To help to address the problem, Gordon Brown has announced a multibillion-pound plan to support the banks and boost mortgage lending. Housing experts gave a cautious welcome to this week's proposals but warned homeowners not to expect immediate results. Simon Rubinsohn, of the Royal Institution of Chartered Surveyors, said: “Any attempt to boost lending is welcome, but it is unlikely that the latest scheme will be the panacea to the housing market against a backdrop of a crumbling economy.”
Despite the gloom, tentative signs are emerging that homeowners and cash-rich first-time buyers could be returning to the market, spurred on by reports of substantial discounts from desperate sellers. Estate agents and property websites report a surge in buyer inquiries this month.
So with a mortgage rescue plan under way and renewed buyer interest, is now the time to grab a bargain? Times Money asked mortgage and housing-market experts to consider the options for first-time buyers and homeowners looking to trade up.
First-time buyers
Hundreds of thousands of first-time buyers have been watching the slump in the housing market closely, hoping that a home of their own would soon be within reach. But with prices still falling and lenders becoming more cautious, they face the twin dilemma of when to enter the market and how to find an affordable mortgage.
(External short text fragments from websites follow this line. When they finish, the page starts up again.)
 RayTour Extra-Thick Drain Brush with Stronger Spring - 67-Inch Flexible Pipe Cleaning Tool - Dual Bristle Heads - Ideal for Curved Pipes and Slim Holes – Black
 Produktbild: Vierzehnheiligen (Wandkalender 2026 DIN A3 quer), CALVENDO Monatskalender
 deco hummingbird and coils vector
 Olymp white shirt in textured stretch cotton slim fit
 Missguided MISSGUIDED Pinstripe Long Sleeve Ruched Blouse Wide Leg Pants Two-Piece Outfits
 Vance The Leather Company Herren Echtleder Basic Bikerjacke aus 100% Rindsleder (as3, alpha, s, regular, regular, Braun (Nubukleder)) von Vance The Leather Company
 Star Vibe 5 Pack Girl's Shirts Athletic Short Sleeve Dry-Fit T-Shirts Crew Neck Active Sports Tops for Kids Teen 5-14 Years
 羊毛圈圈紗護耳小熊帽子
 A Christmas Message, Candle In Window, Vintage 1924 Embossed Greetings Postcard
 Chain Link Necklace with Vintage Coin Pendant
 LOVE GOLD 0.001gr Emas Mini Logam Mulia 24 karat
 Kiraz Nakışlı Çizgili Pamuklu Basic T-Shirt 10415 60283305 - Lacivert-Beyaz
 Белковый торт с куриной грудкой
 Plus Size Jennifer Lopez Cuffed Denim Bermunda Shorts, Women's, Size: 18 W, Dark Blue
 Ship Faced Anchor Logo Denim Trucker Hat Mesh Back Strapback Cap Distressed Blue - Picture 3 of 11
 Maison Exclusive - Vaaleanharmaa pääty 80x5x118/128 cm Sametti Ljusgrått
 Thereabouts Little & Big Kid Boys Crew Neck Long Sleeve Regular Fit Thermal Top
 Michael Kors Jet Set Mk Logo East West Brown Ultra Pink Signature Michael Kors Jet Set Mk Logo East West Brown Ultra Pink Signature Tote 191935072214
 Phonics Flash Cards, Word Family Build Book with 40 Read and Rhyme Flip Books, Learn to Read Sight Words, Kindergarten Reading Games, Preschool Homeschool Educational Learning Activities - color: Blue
In the past year banks and building societies have reduced new mortgage lending dramatically and are mitigating against the risk of further falls in house prices by insisting on hefty deposits. The best deals are reserved for customers with a 40 per cent deposit, which would be about £60,000 on the current average cost of a home. First-time buyers with small deposits are punished with painfully high interest rates. The most competitive deal is from Cheltenham & Gloucester, which, along with Halifax, is now part of the Lloyds Banking Group. It is offering a two-year fixed rate of 5.69 per cent to borrowers with a 10 per cent deposit. The deal, which carries a fee of £995, is only available online, directly from the lender.
Research from Propertyfinder.com, the property website, indicates that high mortgage rates are forcing first-time buyers to remain in the rental market. In a small number of local authorities - including the London boroughs of Hounslow, Newham and Sutton - it is cheaper to buy than rent. But in almost every other part of the country first-time buyers could save up to £400 a month by renting. Propertyfinder says that if best-buy rates fell from 5 per cent to 3.45 per cent, it would become cheaper to buy than rent in 95 per cent of the country.
First-time buyers who qualify for a mortgage deal should be able to secure a heavy discount from sellers in the current market, argues James Hyman, of Cluttons, the estate agent. “Buyers need to find the best value in the market to mitigate against further potential price falls,” he says. “Some areas, such as London, will bounce back sooner, but areas without the demand or the demographics to support the current levels of housing stock will take years to regain value.”
There are bargains to be found in almost every postcode, he suggests, but first-time buyers should consider areas with strong transport links, period property and homes that are “not too generic”. He adds: “Bland terraced houses or flats in areas with a lot of similar stock will continue to fall in price in the next year.”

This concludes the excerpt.